IRStats Technical Documentation

From Eprints Documentation

Jump to: navigation, search

Contents

Directory Structure

/opt/irstats/bin

Contains the scripts needed to update the table.

  • daily_update.sh - Runs all the scripts in the right order.
  • extract_metadata_from_archive.pl - Extracts eprint, author and group metadata from the repository by iterating over every eprint.
  • update_table.pl - Filters and processes new entries in the accesslog to update the irstats_true_acesses_table. Uses 'SearchParser.pm' and 'repeatscache'.
  • convert_ip_to_host.pl - Attempts to convert ip addresses of the new entries in irstats_true_acesses_table to hostnames.

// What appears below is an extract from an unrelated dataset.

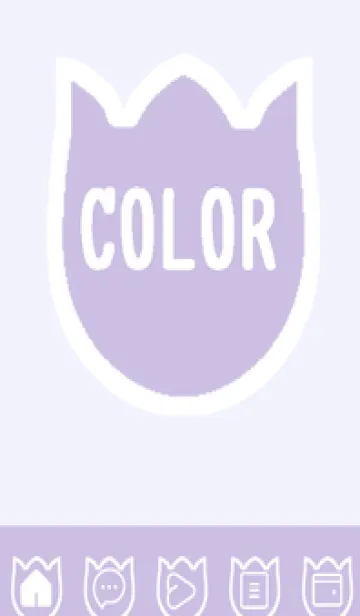 [LINE着せ替え] purple color R54の画像1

Uses 'host_updated' to keep track of where it got to last time.

Note that most of these scripts probably need to be tidied up. They were written in a hurry and were never polished.

/opt/irstats/cache

Contains cache files. These should probably be deleted whenever the database is updated.

/opt/irstats/cgi

Contains two scripts, 'get_view and 'stats'.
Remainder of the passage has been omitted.